A combination of Company owned centers and network providers in all fifty U.S. States, the District of Columbia, and the five U.S. Territories by the end of 2011.

The Company agreed to use commercially reasonable efforts to expand the number of network providers to 5,000 over the term of the agreements and to sustain that number throughout the remaining term of the agreements.

The parties agreed that the Company will be relieved from its obligation to make the Program available to members in states where the Program may be prohibited by existing laws and regulations. The parties also agreed to relieve the Company of the requirement to make annual $500,000 contributions to AARP for campaigns to educate and promote hearing loss awareness. The Company made a separate pledge to contribute $125,000 a quarter through the end of the services agreement to AARP to support efforts to educate AARP members and the general public about hearing loss awareness and prevention. The Company’s pledge is conditional upon the Company’s reasonable satisfaction with the progress of AARP’s educational programs.

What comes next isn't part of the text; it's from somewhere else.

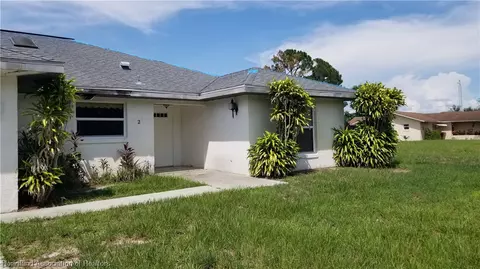 824 Lake Betty Dr, Lake Placid, FL 33852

AARP shall have the right to terminate the agreements in the event the Company breaches any of its material obligations under the agreements including, but not limited to, making the Program available to AARP members under the established time table, making the marketing budget expenditures of $4.4 million per year including the allocation of 9.25% of those marketing expenses to the AARP General Program, and making the royalty payments as required (these three being referred to as the Company’s “material obligations”). In the event of a breach, the Company will be given the opportunity to cure the breach within a minimum 60 days of written notice from AARP of the breach.

In the event AARP terminates the agreements by reason of an uncured breach of one of the three material obligations, or in the event the Company terminates the agreements early, the Company has agreed to pay AARP an additional royalty fee of $3 million if termination occurs before August 31, 2010; $2 million if the termination occurs between September 1, 2010 and August 31, 2011; and $1 million if the termination occurs between September 1, 2011 and August 31, 2012. The Company shall provide AARP with an irrevocable standby letter of credit to ensure payment of the additional royalty, if required.

Item 9.01.   Financial Statements and Exhibits

(d)   Exhibits



Press release issued August 11, 2009.




Pursuant to the requirements of the Securities Exchange Act of 1934, the registrant has duly caused this report to be signed on its behalf by the undersigned hereunto duly authorized.



HearUSA, Inc.







Date:  August 14, 2009


    /s/ Stephen J. Hansbrough



Name: Stephen J. Hansbrough



Title:   Chairman and
Chief Executive Officer




Exhibit No.

Description of Exhibit




Press release issued August 11, 2009.